[Data to examine — start]

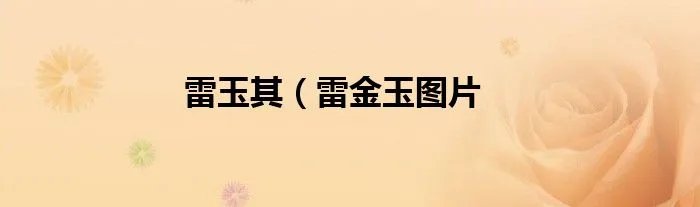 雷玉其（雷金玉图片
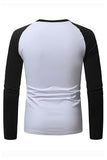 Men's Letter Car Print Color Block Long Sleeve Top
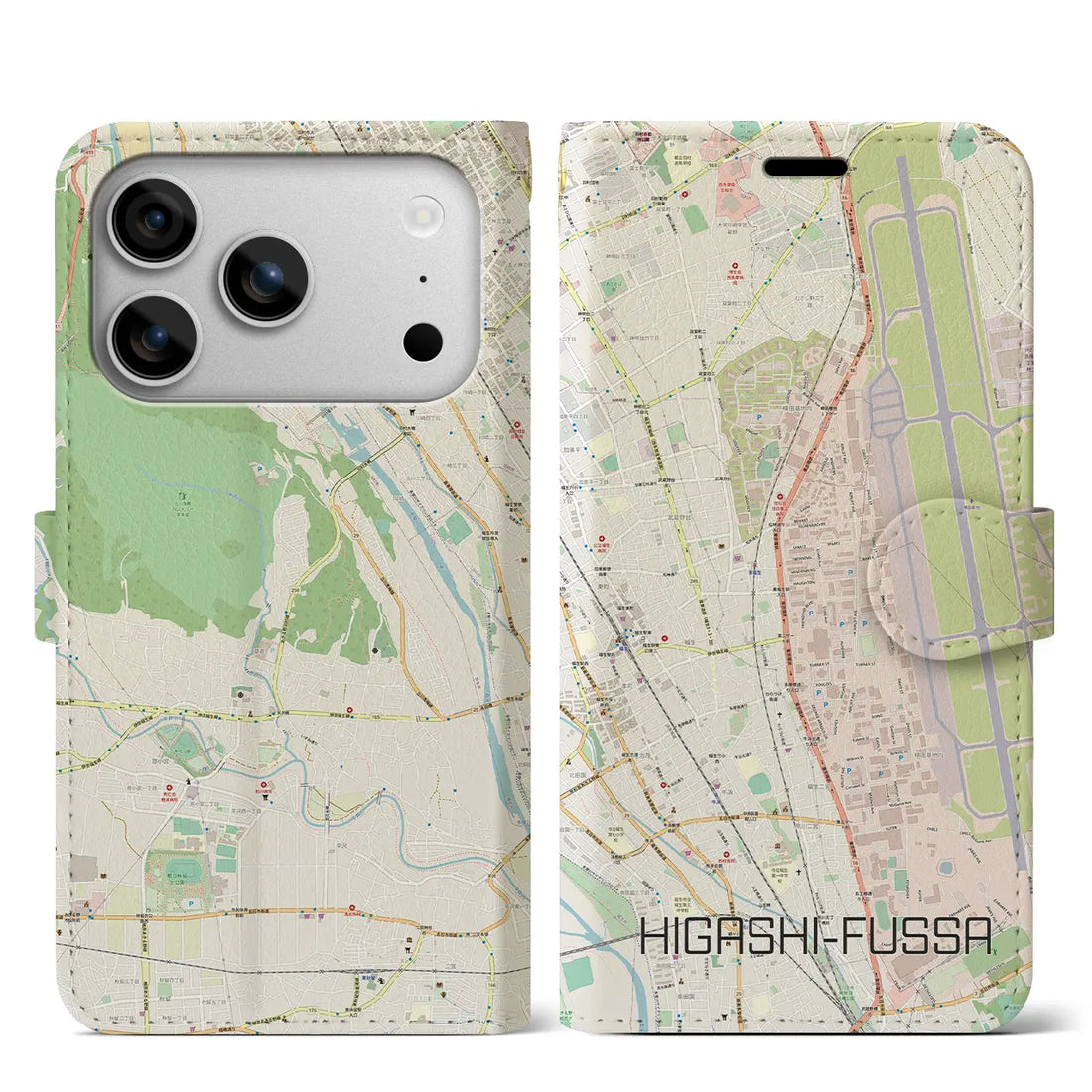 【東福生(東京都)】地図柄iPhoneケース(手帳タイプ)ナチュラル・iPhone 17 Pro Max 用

[Data to examine — finish]
[Data to examine — start]

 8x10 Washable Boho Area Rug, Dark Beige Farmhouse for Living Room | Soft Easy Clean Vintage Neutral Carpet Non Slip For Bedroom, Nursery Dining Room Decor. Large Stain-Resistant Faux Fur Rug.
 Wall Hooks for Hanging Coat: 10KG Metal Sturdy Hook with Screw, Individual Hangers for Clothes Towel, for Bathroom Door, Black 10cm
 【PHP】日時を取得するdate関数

[Data to examine — finish]

Task brief → The stretch above running from the line with "Men's Letter Car" through the line with "17 Pro Max 用" is all you should copy, exactly, leaving out the pictures.

Expected answer →
 Men's Letter Car Print Color Block Long Sleeve Top
 【東福生(東京都)】地図柄iPhoneケース(手帳タイプ)ナチュラル・iPhone 17 Pro Max 用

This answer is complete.